(DATA EXTRACT Opens)

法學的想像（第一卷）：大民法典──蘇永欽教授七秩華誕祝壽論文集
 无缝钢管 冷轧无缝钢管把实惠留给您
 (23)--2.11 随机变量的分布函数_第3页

(DATA EXTRACT Closes)
(DATA EXTRACT Opens)

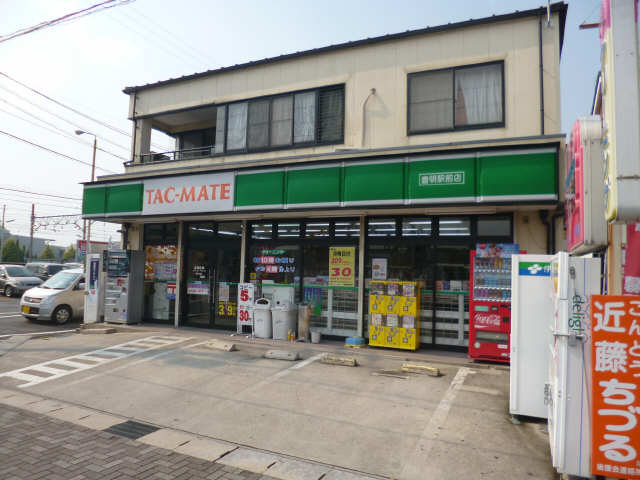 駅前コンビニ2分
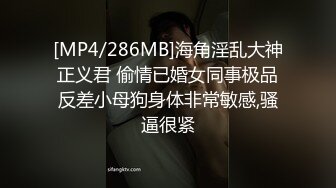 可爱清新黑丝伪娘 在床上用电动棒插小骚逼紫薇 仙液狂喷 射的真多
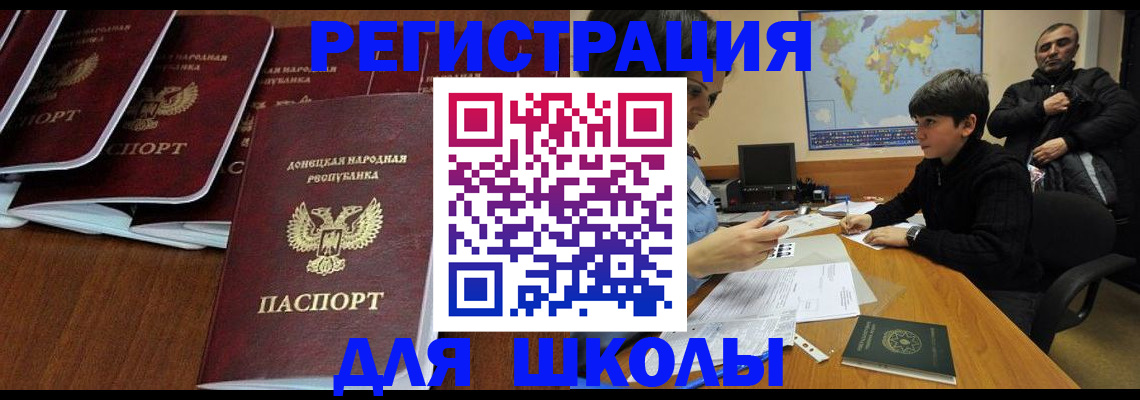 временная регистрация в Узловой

(DATA EXTRACT Closes)

## WORK TO BE COMPLETED
Where the listing above has a line with "法學的想像（第一卷）：大民法典──蘇永欽教授七秩華誕祝壽論文集", start there, and output every line exactly through the line with "(23)--2.11 随机变量的分布函数_第3页", which is also included.

## EXERCISE ANSWER
法學的想像（第一卷）：大民法典──蘇永欽教授七秩華誕祝壽論文集
 无缝钢管 冷轧无缝钢管把实惠留给您
 (23)--2.11 随机变量的分布函数_第3页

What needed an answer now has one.